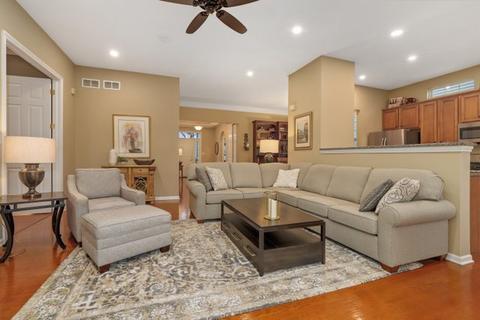 3878 Valhalla Dr, Elgin, IL 60124 photo 7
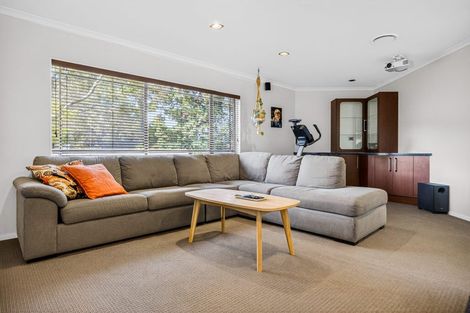 Photo of property in 20b Puketitiro Street, Glen Eden, Auckland, 0602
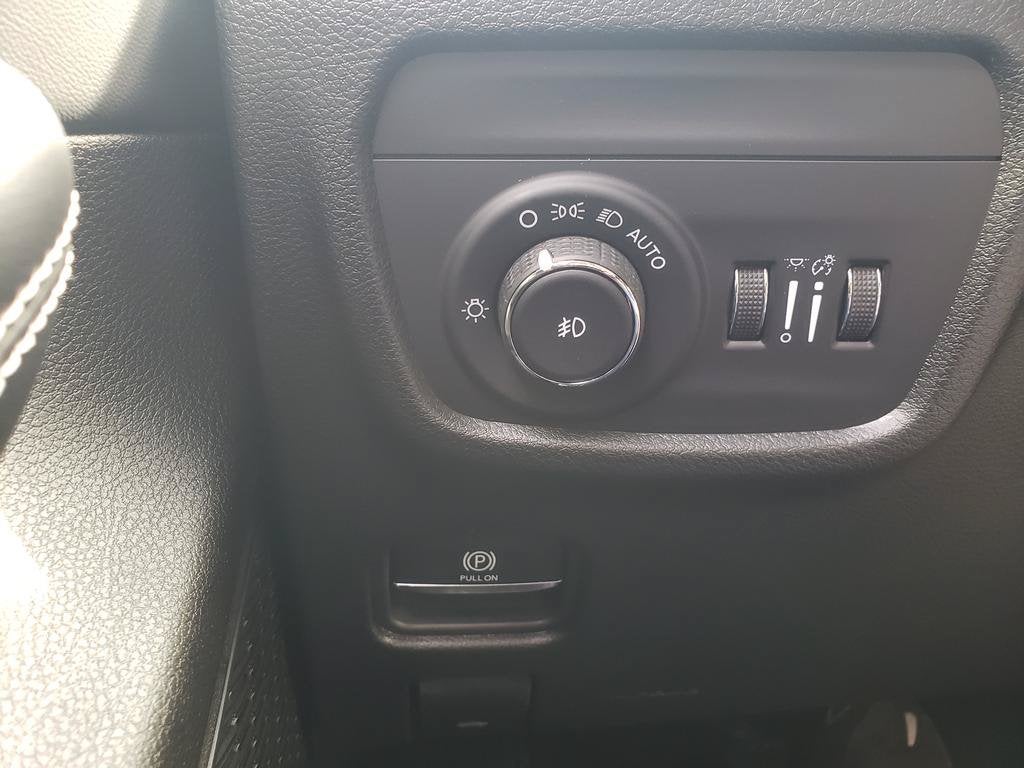 2027 Jeep Grand Cherokee GRAND CHEROKEE LIMITED 4X4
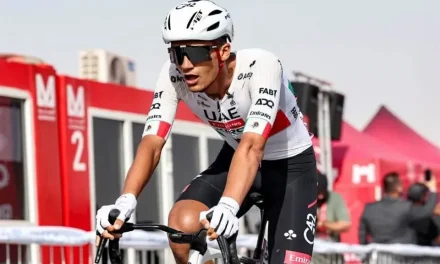 Isaac del Toro inicia el 2026 con victoria en la primera etapa del UAE Tour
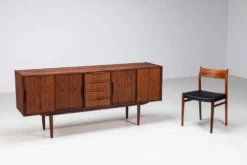 Buffet symétrique scandinave en palissandre, Danemark, 1960.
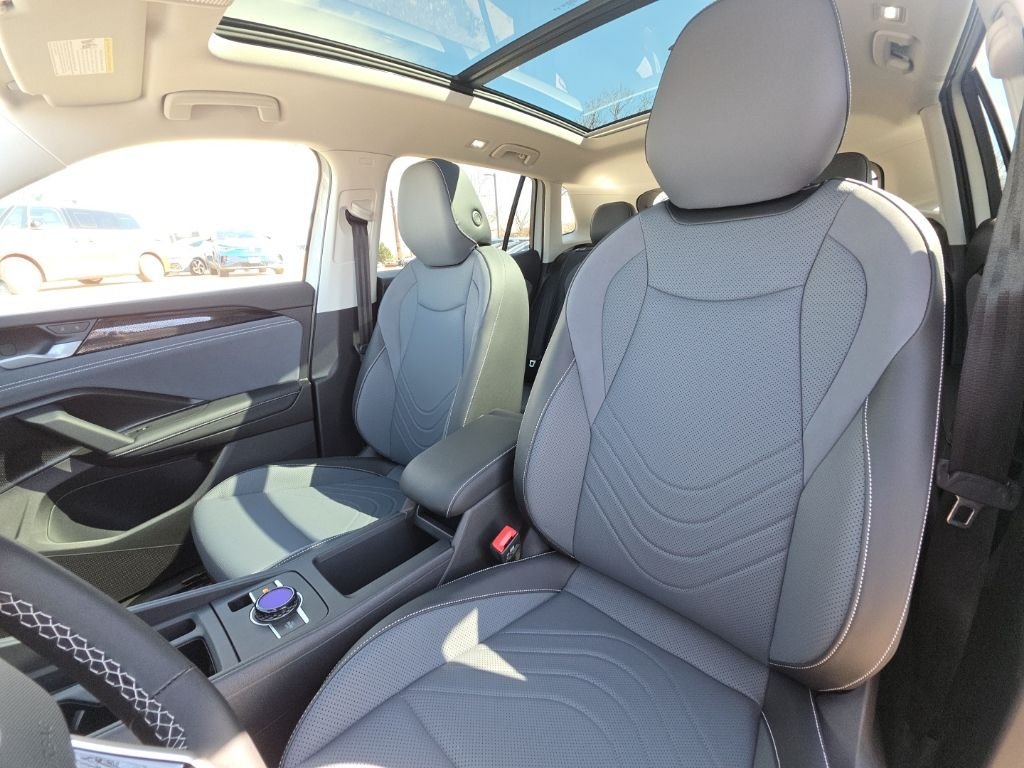 New 2026 Pure White Volkswagen 2.0T SE image 12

■ ■ ■

• **PROBLEM REQUIREMENTS**
The range to copy runs from the line with "2027 Jeep Grand" to the last line of the entries, both included; copy it exactly and leave out the pictures.

• **ANSWER AREA**
 2027 Jeep Grand Cherokee GRAND CHEROKEE LIMITED 4X4
 Isaac del Toro inicia el 2026 con victoria en la primera etapa del UAE Tour
 Buffet symétrique scandinave en palissandre, Danemark, 1960.
 New 2026 Pure White Volkswagen 2.0T SE image 12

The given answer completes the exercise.